Так называли в семье мать Робера, г-жу де Марсант, вдову Энара де Сен-Лу, в отличие от ее кузины, принцессы Германт-Баварской, тоже Мари, к имени которой ее племянник, кузены и зятья прибавляли, чтоб избежать смешения, либо имя ее мужа, либо другое ее имя, что давало или Мари-Жильбер, или Мари-Эдвиж.

- Начать с того, что накануне был устроен род репетиции, тоже, доложу я вам, развлечение! - продолжала герцогиня. - Вообразите, что она произносила фразу, даже четверть фразы, и потом останавливалась; она больше ничего не говорила, я не преувеличиваю, в течение пяти минут.

- Со всей вежливостью я позволила себе заметить, что это вызовет, может быть, некоторое удивление. Она мне ответила буквально следующее: "Надо всегда говорить со сцены так, как если бы вы сами сочиняли то, что вы говорите". Если поразмыслить, так он монументален, этот ответ!

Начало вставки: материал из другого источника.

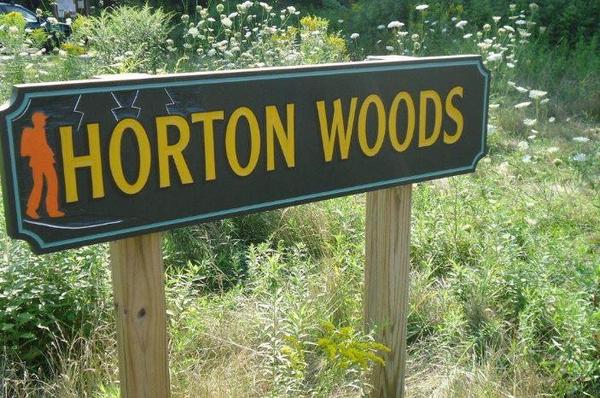 Horton Woods Work/Walk Party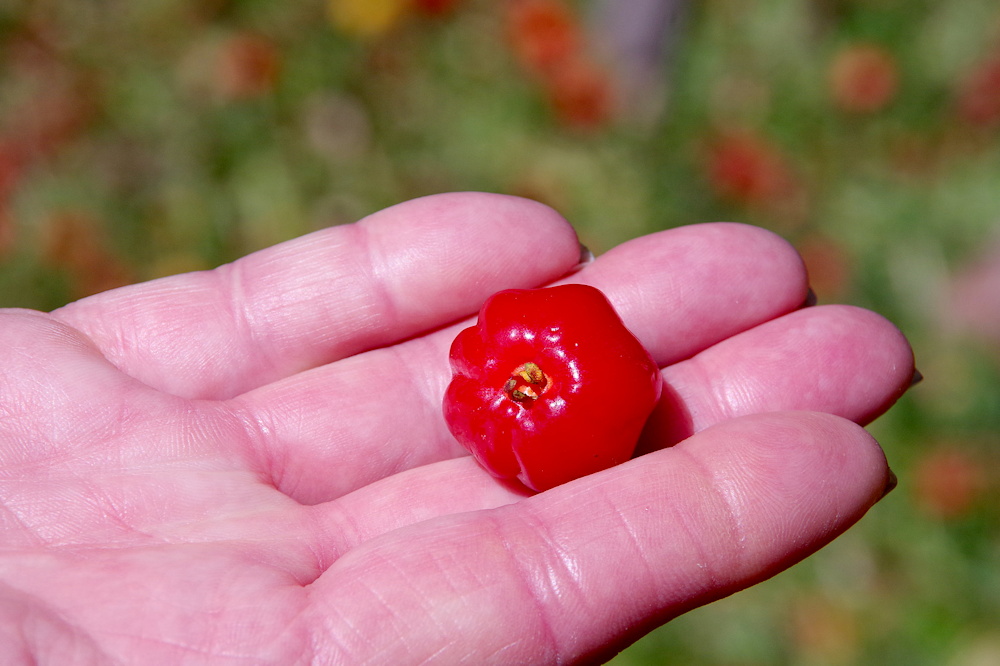 Pitanga: The Tropical Gem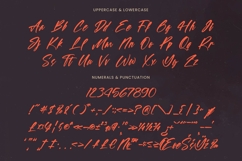 Spotnight Balmonte - Modern Brush Font Script Product Image 18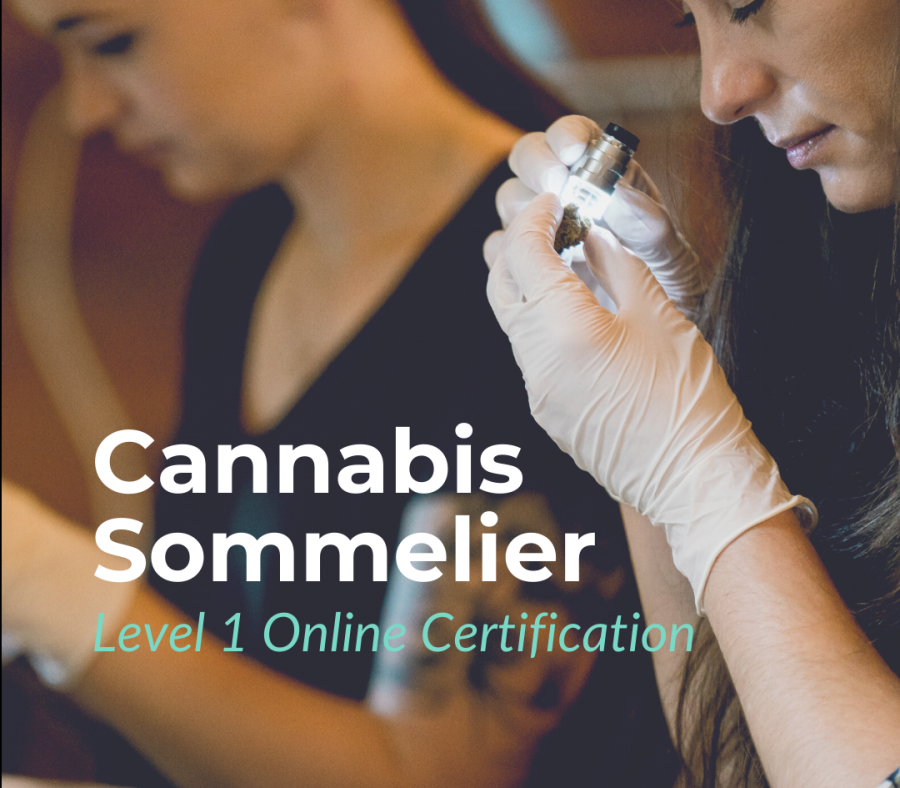 Cannabis Sommelier Level 1 Online Certification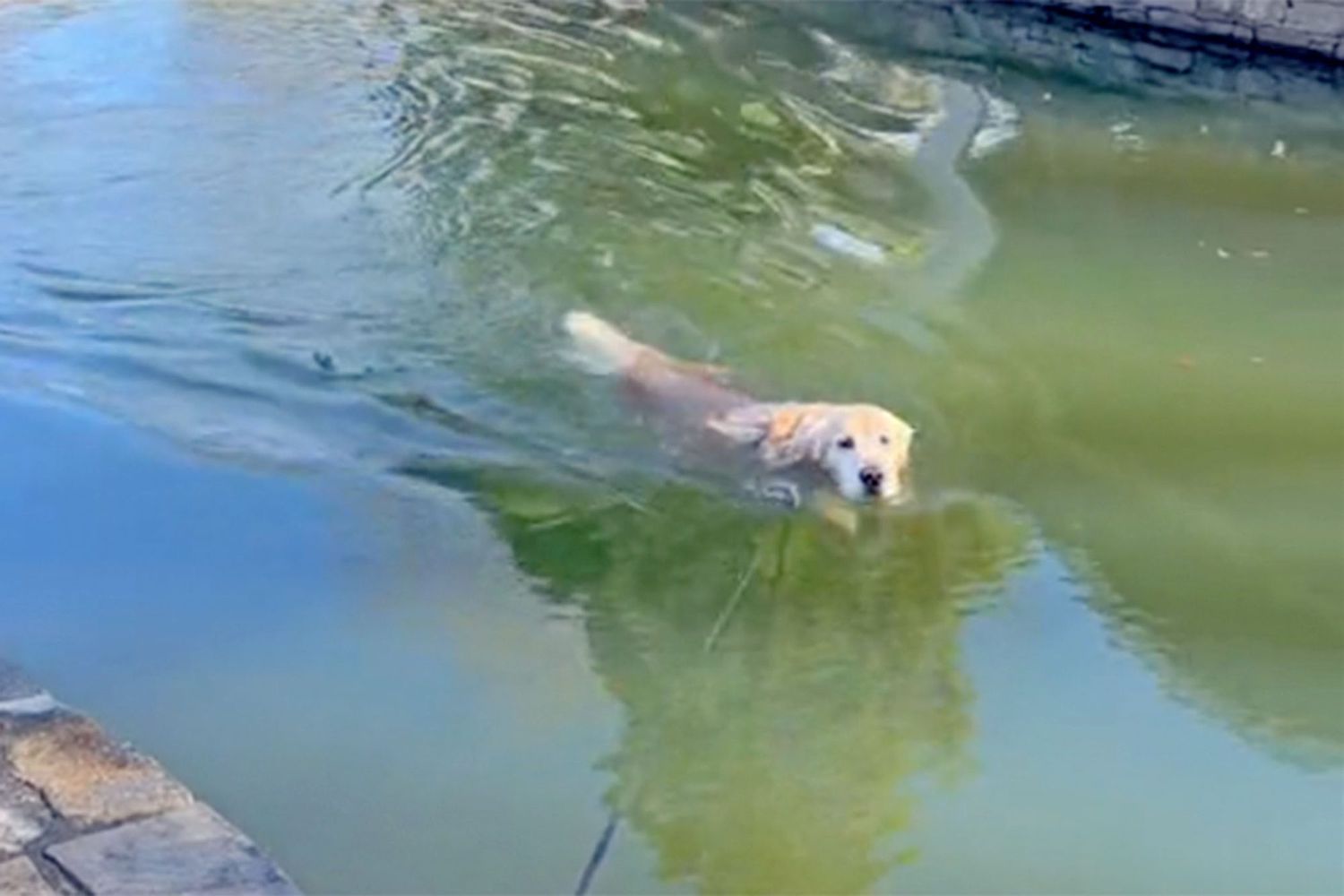 dog taking his walk in a pond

- А я нахожу, что она не плохо читала стихи, - сказал один из молодых людей.

- Она понятия не имеет, что такое стихи, - отвечала герцогиня. - Впрочем, мне не было надобности ее слушать. С меня довольно было увидеть ее появление с лилиями! Я сразу поняла, что она бездарна, когда увидела лилии!

Все засмеялись.

- Нет, не сержусь; разрешаю тебе даже покушать, если ты голоден.

- Ну-ка, господин Вальмер, исполните роль девушки, - сказала г-жа де Вильпаризи архивариусу, употребляя ходячее шутливое выражение.

Герцог Германтский поднялся с кресла, на которое он уселся, Положив шляпу рядом на ковер, и с удовлетворением осмотрел предложенные ему тарелки с птифурами.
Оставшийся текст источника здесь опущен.